In 1624, the Chamber of Amsterdam wrote articles for the Dutch Colony, establishing the Dutch Reformed denomination: “They shall within their territory practice no other form of divine worship than that of the Reformed religion … and thus by their Christian life and conduct seek to draw the Indians and other blind people to the knowledge of God and His word, without, however, persecuting any on account of his faith, but leaving each one the use of his conscience.”
The New Amsterdam Charter of Freedoms, June 7, 1629, gave land to wealthy “patroons” who helped 50 families emigrate, stating: “Colonists shall … in the speediest manner … find out ways and means whereby they may support a Minister and Schoolmaster, that thus the service of God and zeal for religion may not grow cool.”
One Dutch family that immigrated was the Roosevelt family, as Franklin D. Roosevelt told the Detroit Jewish Chronicle, March 7, 1935: “All I know about the origin of the Roosevelt family in this country is that all branches bearing the name are apparently descended from Claes Martenssen Van Roosevelt, who came from Holland sometime before 1648.”
Beginning in 1639, Lutheran Germans, Swedes and Finns, as well as Anglicans from England, began immigrating, numbering 500 of the colony’s 3,500 population in 1655. Presbyterians erected their first meeting house on Eastern Long Island in 1640, and the first Jews arrived in the colony in 1654.
After Britain’s Admiral William Penn, father of Pennsylvania’s founder, helped defeat the Dutch navy, the British took control of New Amsterdam in 1664, changing the colony’s name to New York. The New Amsterdam Stock Exchange then became the New York Stock Exchange, referred to as Wall Street.

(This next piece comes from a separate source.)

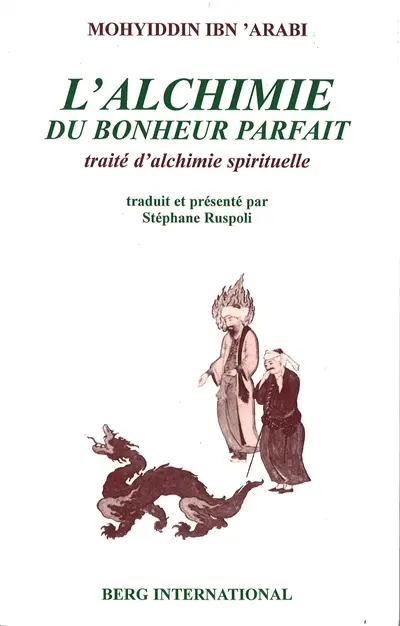 L'alchimie du bonheur parfait : traité d'alchimie spirituelle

Though British established the Anglican Church, French Protestant Huguenots began arriving in 1680. Continuing the Dutch tradition of tolerance, the New York Charter of Liberties and Privileges, (paragraph 27), Oct. 30, 1683, stated: “That no person or persons which profess faith in God by Jesus Christ shall at any time be any ways molested. … But that … every such person … fully enjoy his or their … consciences in matters of religion … not using this Liberty to Licentiousness. …”
“Licentiousness” is defined as “promiscuous and unprincipled in sexual matters,” “sexual immorality.”

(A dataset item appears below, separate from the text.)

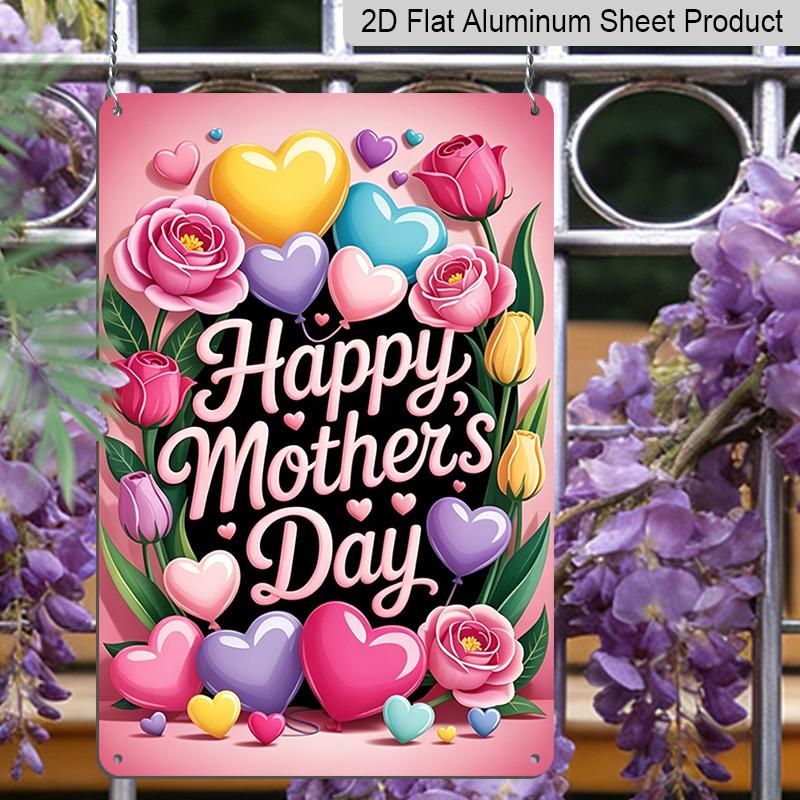 2D Flat, 1pc Heart Balloon Floral Mother's Day Metal Wall Art Sign "Happy Mother's Day" - 8*12 Inch Aluminium Rustic Home Decor, Cute Wall Art, Sweet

Continuing, New York’s Charter of Liberties and Privileges stated: “The respective Christian Churches now in practice within the City of New York …. shall … enjoy … freedoms of their Religion in Divine Worship and Church discipline.”

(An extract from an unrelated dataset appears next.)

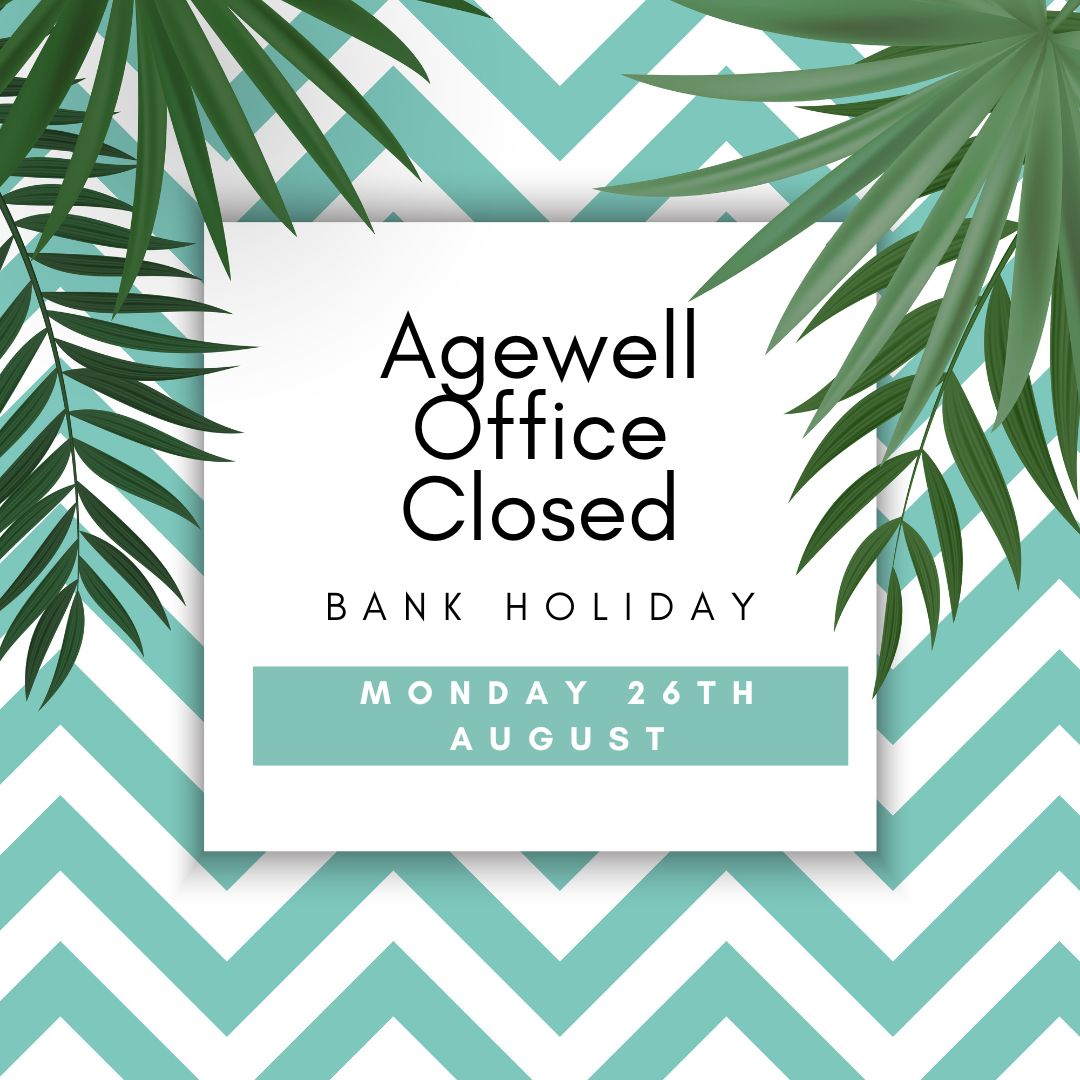The Agewell office will be closed on Bank Holiday Monday 26th August.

The first Methodist meeting in the American Colonies was in New York City in 1766. In 1781, was the first mention of a public Catholic worship service in New York.
In 1811, the New York Supreme Court’s Chief Justice, Chancellor Kent, stated in the case of Peoples v Ruggles: “Christianity was parcel of the law … that whatever strikes at the root of Christianity tends manifestly to the dissolution of civil government. … The people of this state, in common with the people of this country, profess the general doctrines of Christianity. … We are a Christian people, and the morality of the country is deeply engrafted upon Christianity, and not upon the doctrines or worship of those impostors.”
In 1816, the Dutch navy joined the British navy, under the command of Sir Edward Pellew, in bombarding Algiers, forcing the Muslim Barbary state to release some 3,000 European prisoners.
In 1838, the New York State Legislature wrote: “No people on the face of the globe are without a prevailing national religion. … With us it is wisely ordered that no one religion shall be established by law, but that all persons shall be left free in their choice and in their mode of worship. Still, this is a Christian nation. Ninety-nine hundredths, if not a larger proportion, of our whole population, believe in the general doctrines of the Christian religion. Our Government depends for its being on the virtue of the people, – on that virtue that has its foundation in the morality of the Christian religion.”
New York’s State Constitution, 1846, 1894, and 1938, stated in its preamble: “We, the People of the State of New York, grateful to Almighty God for our freedom, in order to secure its blessings, do establish this Constitution.”